Prove that $\arcsin(-x)= -\arcsin x$
Is it mathematically permissible to prove this using semi unit circles?
For example I proved it this way:
Consider the veritcal semi unit circle between y coordinates $\dfrac{\pi}{2}$ and $-\dfrac{\pi}{2}$
For $x>0$, $\arcsin (x) = \theta $
From symmetry, $x$ is vertically above $-x$ and there are two congruent triangles with same base. Now, we just need to change the direction to measure the other angle which can be done by placing a minus sign before the first angle obtained.
Thus, $-\arcsin x= \arcsin -x$.
QED
Is this proof fine?
Similarly we can prove (using semi unit circles) identities like: $\arccos(-x)= \pi - \arccos(x)$
It looks good but a little vague. Instead of symmetry all you really need to rely on is the fact that $\sin$ is odd. The definition of the $\arcsin$ is that $\theta = \arcsin x$ if and only if $\theta \in [-\pi/2,\pi/2]$ and $\sin \theta = x.$ You get \begin{align*} \theta = \arcsin (-x) &\iff \theta \in [-\pi/2,\pi/2] \text{ and } \sin \theta = -x \\ &\iff - \theta \in [-\pi/2,\pi/2] \text{ and } \sin(-\theta) = x\\ &\iff - \theta = \arcsin x. \end{align*}
Thus $\theta = \arcsin(-x)$ and $-\theta = \arcsin x$ are logically equivalent. You can equate $\theta$ to get the identity you want.
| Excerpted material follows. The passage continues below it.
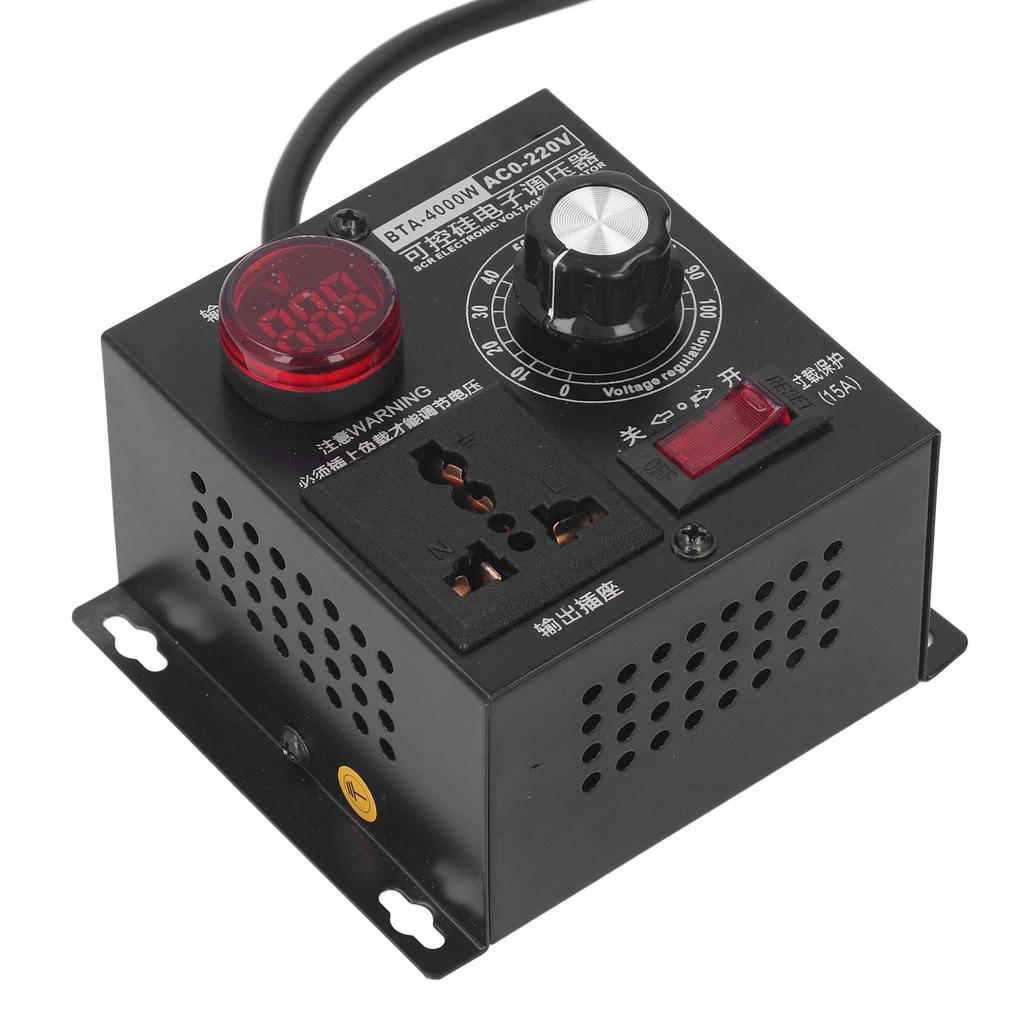 SCR Voltage Regulator AC 220V Input 0‑220V Adjustable Output Voltage Controller Control Switch 4000W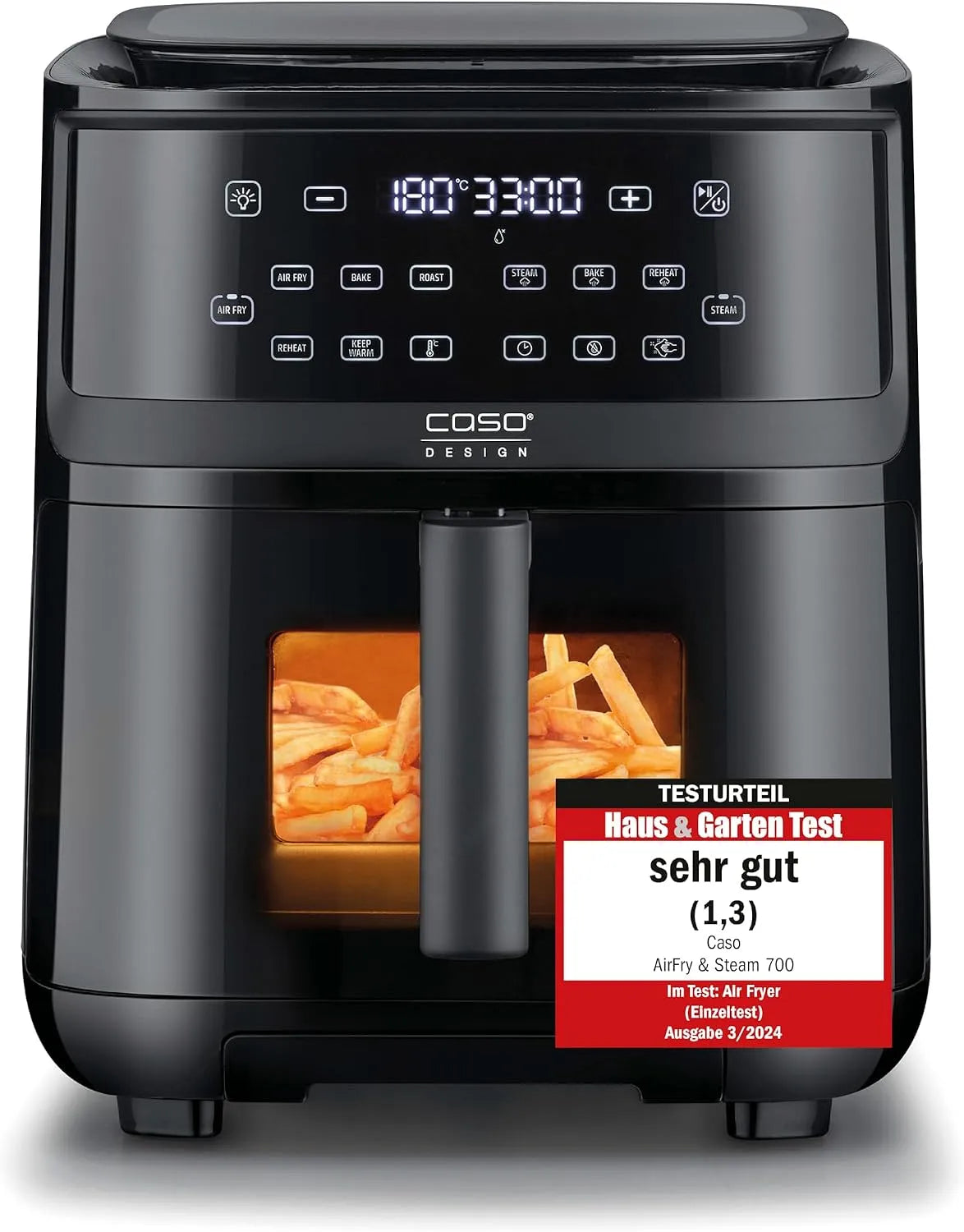Caso Heißluftfritteuse, AirFry & Steam 700, extra großes Korbvolumen 7 Liter, Fritteuse ohne Öl, und Dampfgarer, Testurteil: Sehr Gut, Fett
ADDENDUM: Your question about $\arccos$ has a similar answer. Its definition is that $\theta = \arccos x$ if and only if $\theta \in [0,\pi]$ and $\cos \theta = x$. Following a similar list of implications using the identity $\cos (\pi - \theta) = \cos \pi \cos \theta + \sin \pi \sin \theta = -\cos \theta$ you get \begin{align*} \theta = \arccos(-x) &\iff \theta \in [0,\pi] \text{ and } \cos \theta = -x \\ &\iff - \theta \in [-\pi,0] \text{ and } -\cos(\theta) = x \\ &\iff \pi - \theta \in [0,\pi] \text{ and } \cos(\pi - \theta) = x\\ &\iff \pi - \theta = \arccos x. \end{align*} As above you can equate $\theta$ to find $\pi - \arccos(-x) = \arccos x$.